**The data:**
[Start of section]

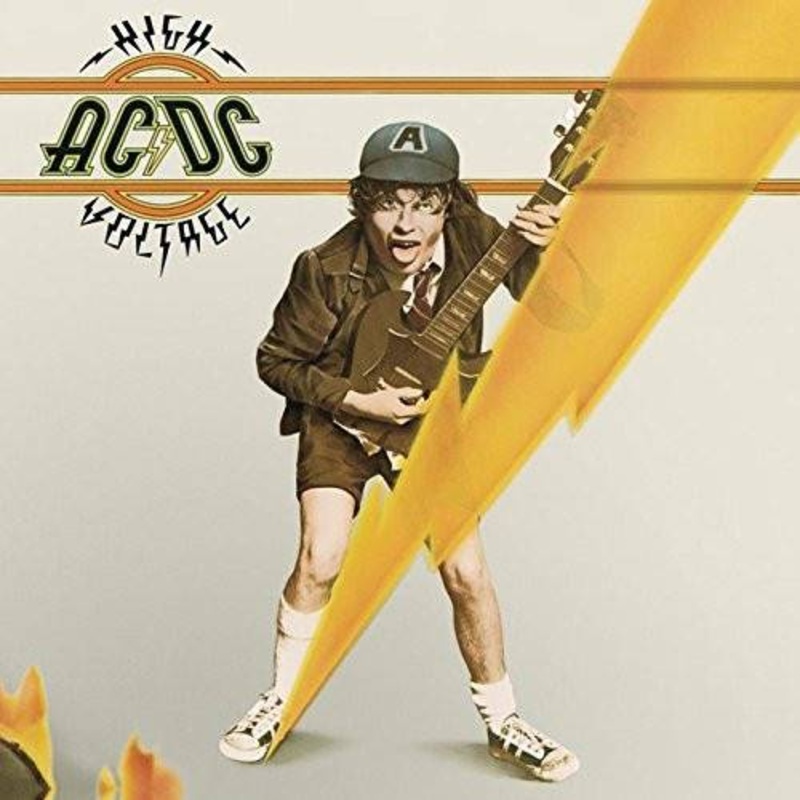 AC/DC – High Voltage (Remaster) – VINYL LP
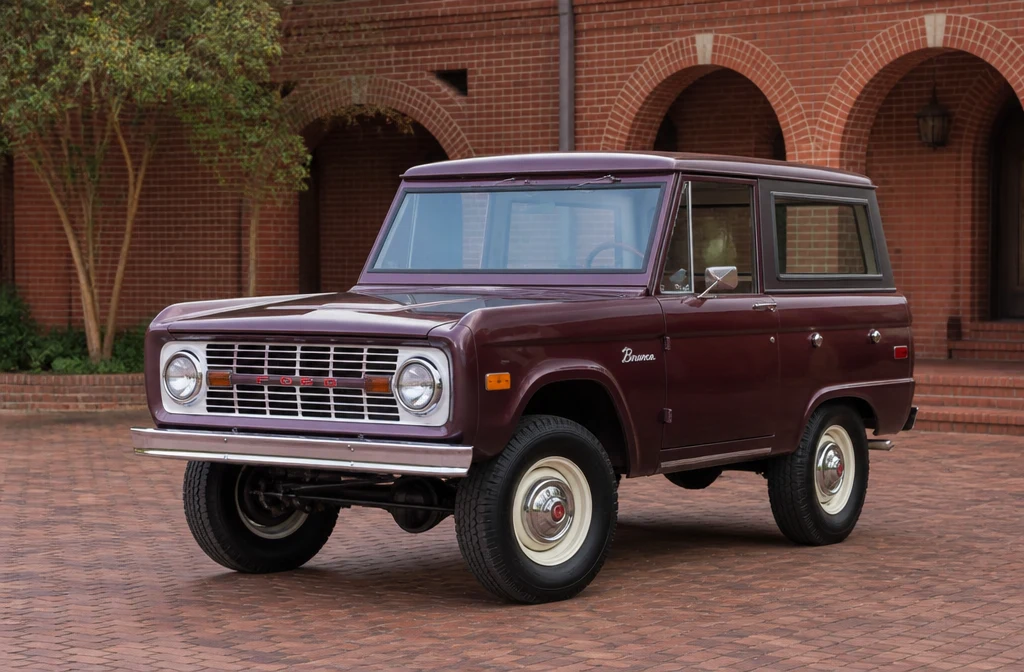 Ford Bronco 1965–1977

[End of section]
[Start of section]

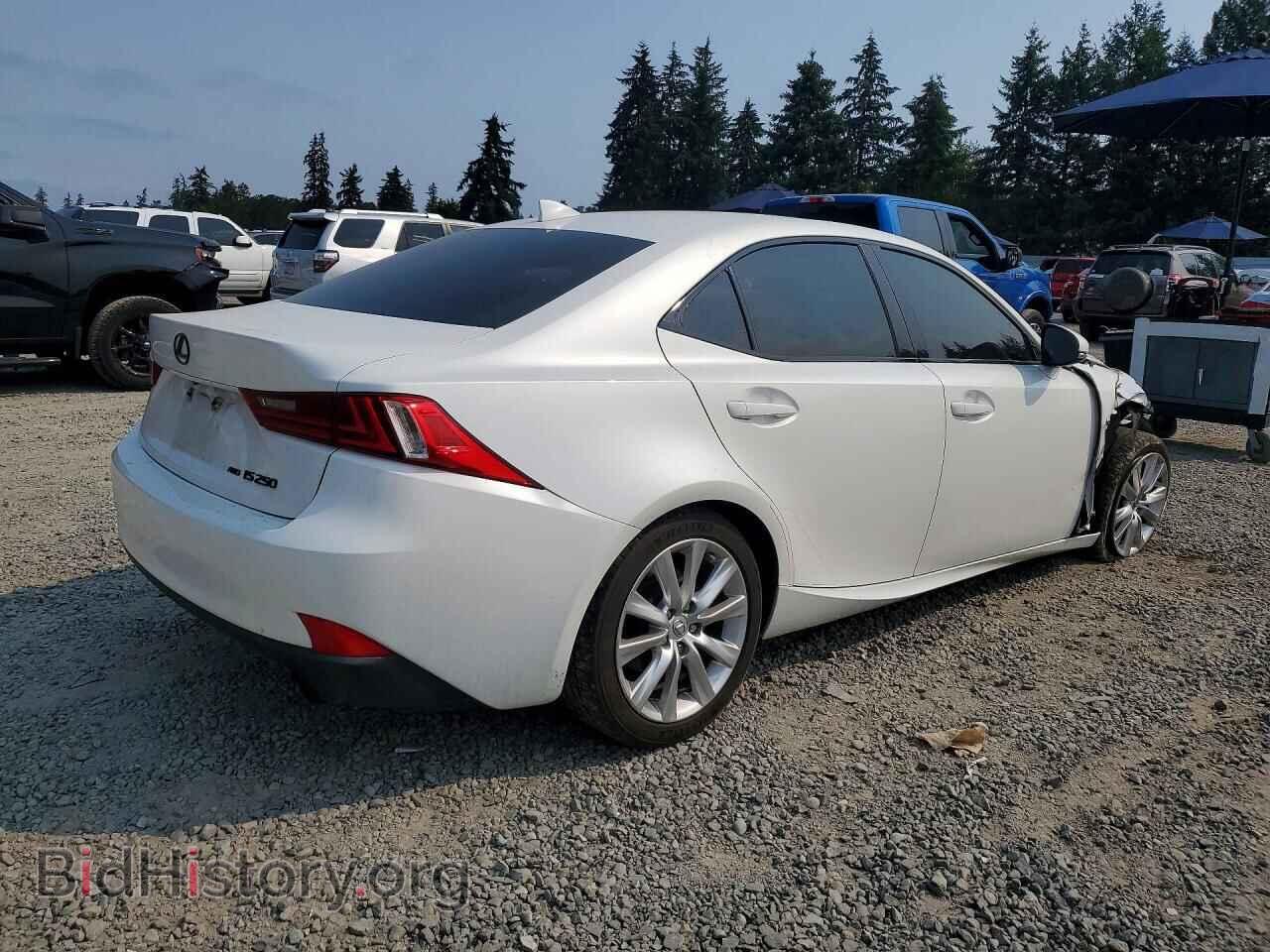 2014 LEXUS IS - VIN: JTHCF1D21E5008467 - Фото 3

[End of section]
[Start of section]

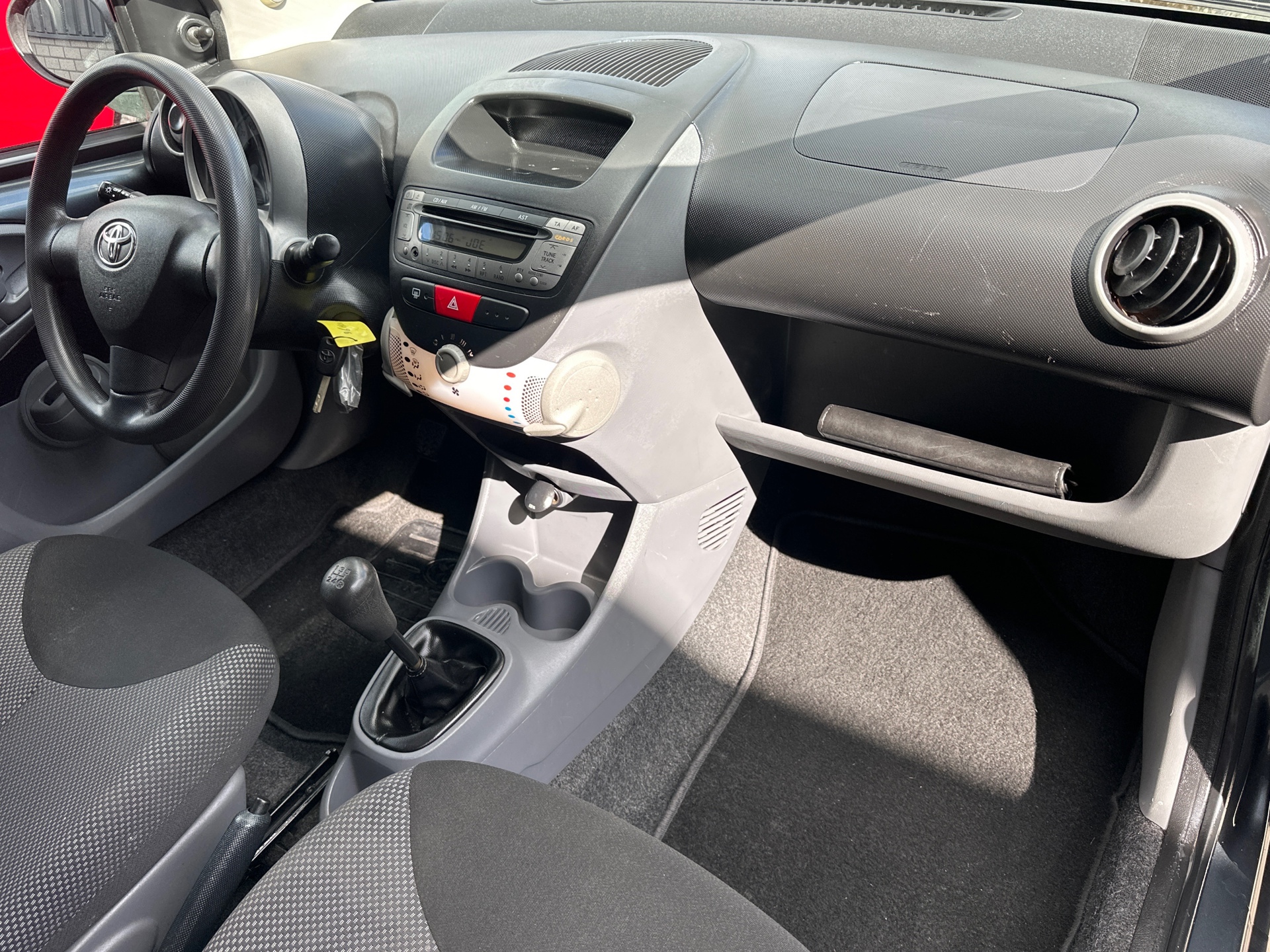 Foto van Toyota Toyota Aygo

[End of section]

**Work item:** Would you please reproduce the entries above, starting at the line with "AC/DC – High Voltage (Remaster) – VINYL LP" and stopping after the line with "Ford Bronco 1965–1977"? Omit any pictures.

**Result of this task:**
 AC/DC – High Voltage (Remaster) – VINYL LP
 Ford Bronco 1965–1977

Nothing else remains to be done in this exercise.